Дэвид Годмен - Ничто никогда не случалось. Жизнь и учение Пападжи (Пунджи). Книга 2
Однажды утром он появился с запиской в руке.
«Я прикрепил это к двери этой ночью, – сказал он. – Я не знал, останусь ли я жив после этого переживания, и поэтому оставил инструкцию, что делать с моим телом, если я умру ночью. Некоторые состояния, в которые я вхожу, настолько тонки, настолько далеки от физического тела, что для меня есть вероятность не выжить после них. Но что-то заставляет меня продолжать эти путешествия.
Этой ночью я оставил свою дверь открытой. Я не хотел причинять кому-либо неудобства. Если бы я умер ночью за закрытой дверью, утром кому-то пришлось бы выламывать ее».
То же самое произошло и в следующий раз, когда мы оба жили в Бхатья Бхаван. Когда он не пришел утром к чаю, я пошел искать его и увидел, что его дверь слегка приоткрыта. К двери снова была приколота записка, в которой было написано, кому сообщать о его смерти в случае, если он умрет ночью.

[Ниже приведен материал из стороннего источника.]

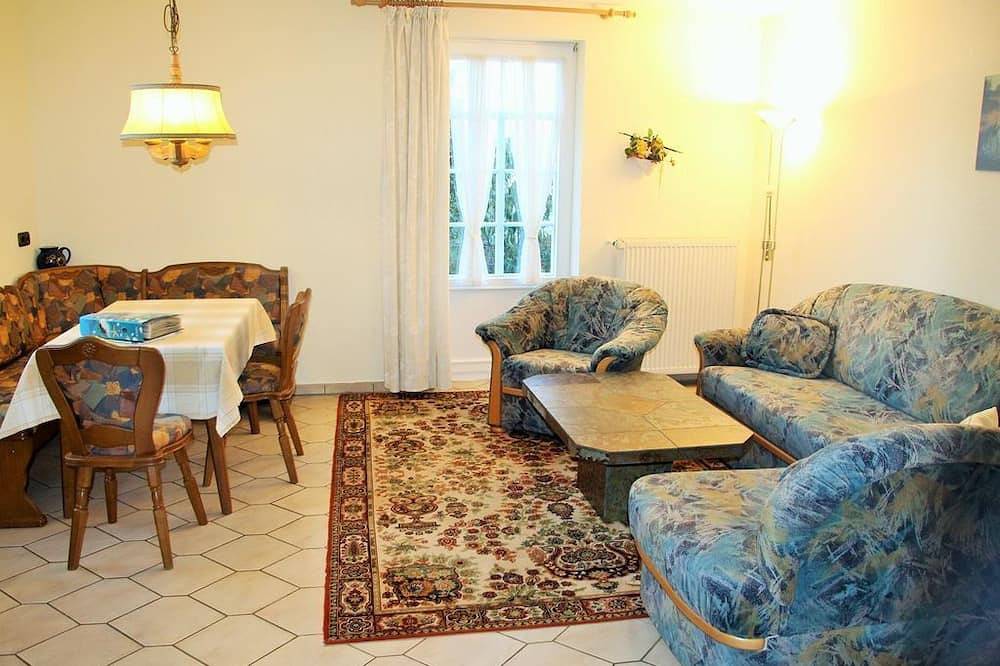 Vacation apartment Zur Eiche - Müllers Hof vacation apartments/guesthouse in Emmerthal, Weser Hills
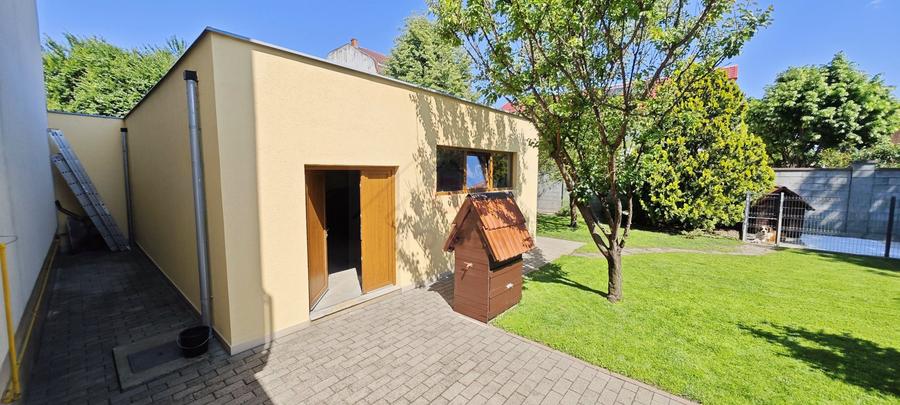 Casa spatioasa. Pretabil si pt. clinica, invatamant, camin varstnici.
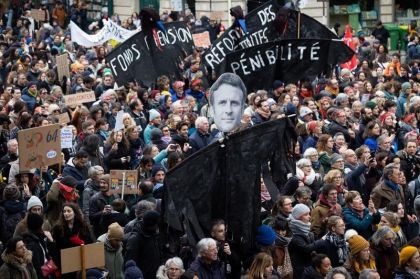Francezii incearca sa impiedice cresterea varstei de pensionare. Grevele vor continua, dupa ce peste 1,2 milioane de oameni au iesit in strada - VIDEO Francezii incearca sa impiedice cresterea varstei de pensionare. Grevele vor continua, dupa ce peste 1,2 milioane de oameni au iesit in strada - VIDEO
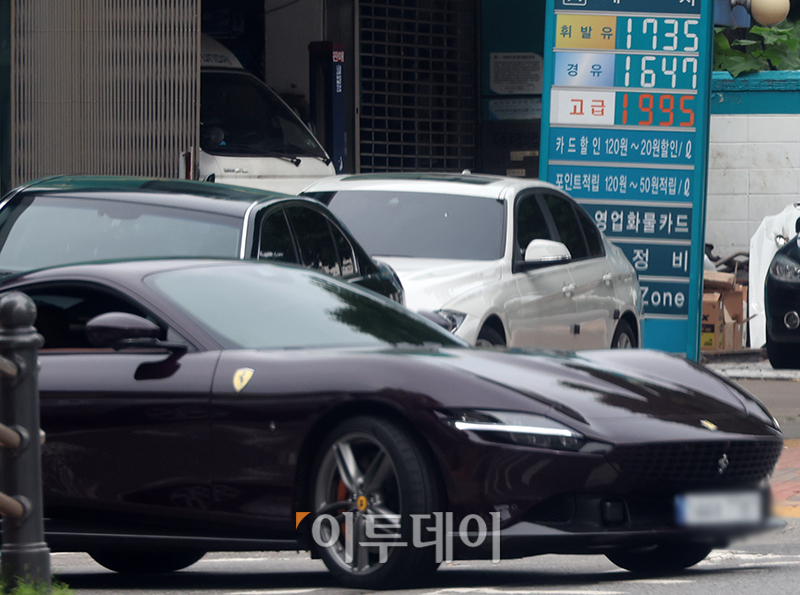 ▲27일 서울의 한 주유소 시세표. 고이란 기자 photoeran@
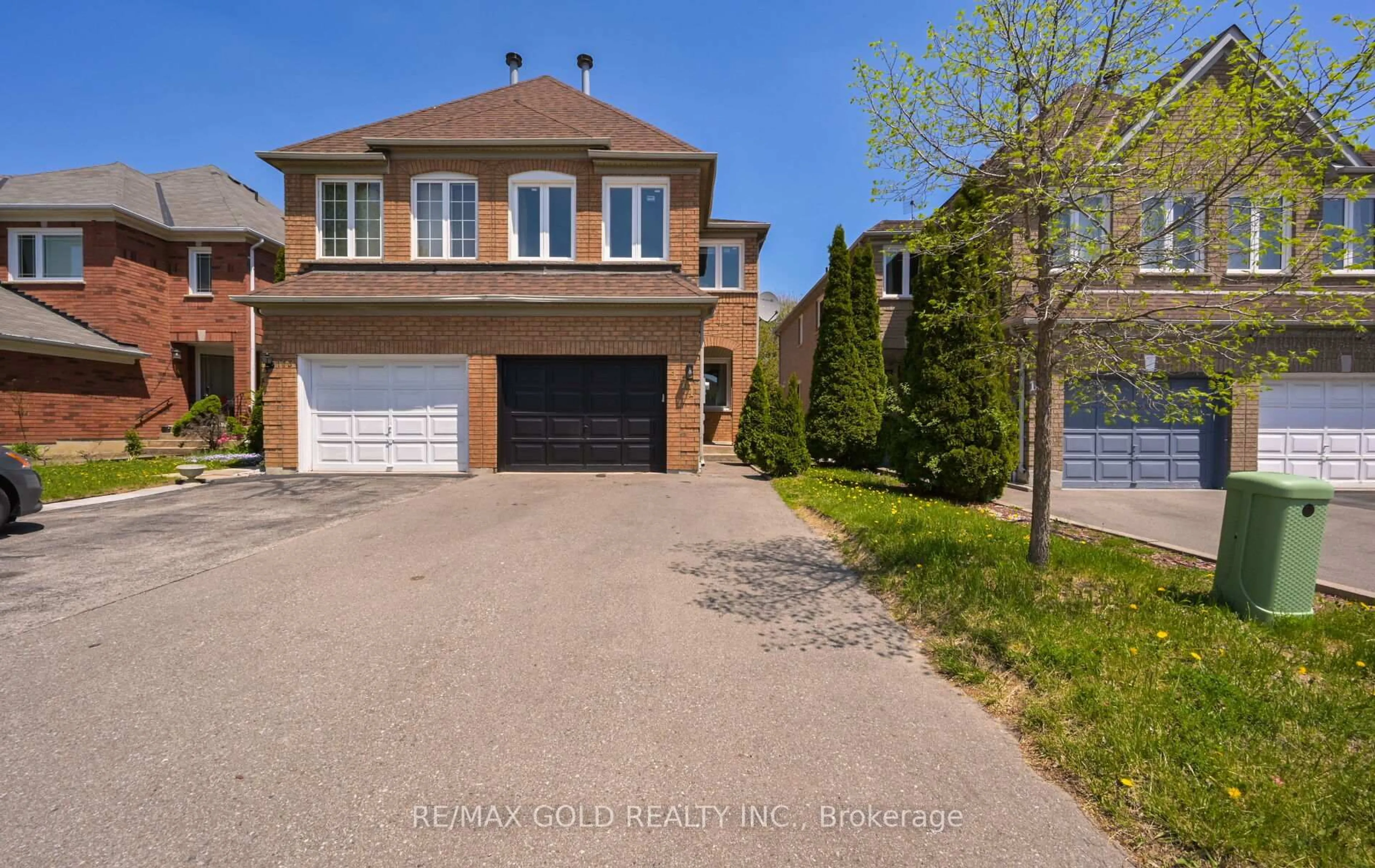 A pic from outside/outdoor area/front of a property/back of a property/a pic from drone, street for 171 Fernforest Dr, Brampton Ontario L6R 1T7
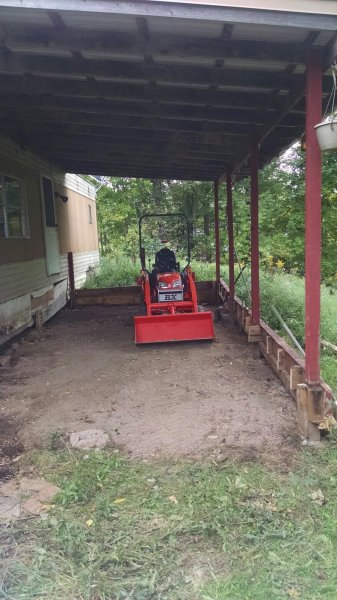 tractor-stall.jpg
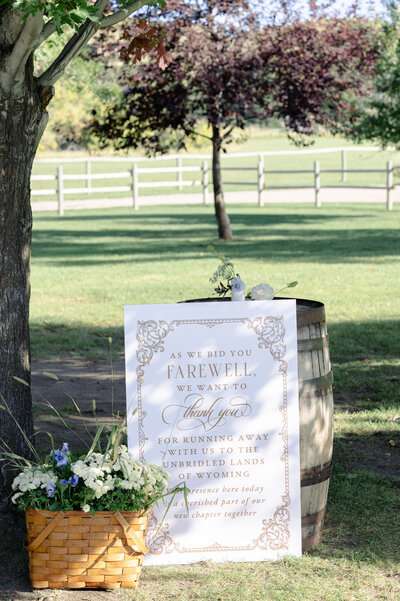Jackson-Hole-Wedding-florist-Foxtails-weddings-01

Однажды я спросил его, что представляют собой эти внутренние путешествия.
«Опыт Я всегда постоянен, – ответил он, – но, если глубоко погрузиться в него, нет предела открытиям. Это похоже на бесконечную горную цепь. Ты достигаешь вершины одной горы, и видишь вдалеке другую. Ты достигаешь ее вершины, и видишь еще одну. На самых тонких уровнях бытия можно глубоко погрузиться в структуру одного-единственного атома, можно достичь самых далеких пределов вселенной или можно войти туда, где все творение проявляет себя, и даже выйти за пределы этого».
В письме, которое Пападжи написал Роману в 1981 г., он ссылался на эти свои исследования:
Лакнау
20 января 1981 г.
…я очень рад, что оказался в затруднении, достигнув границы своих ожиданий. Я прихожу туда и смотрю вперед, в огромное, все еще не открытое измерение. И я иду дальше. Постоянно продвигаться вперед – это игра, которая мне нравится. Может быть, я никогда не дойду до конца. И если я смогу это сделать, возможно, я не смогу это принять. Я приглашаю тебя присоединиться ко мне. Посмотрим, как оно устроено.
В письме, которое Пападжи написал на следующий год, он рассказывает, что произошло, когда он решил приехать из Лакнау в Ришикеш, чтобы продолжить свою интенсивную внутреннюю работу.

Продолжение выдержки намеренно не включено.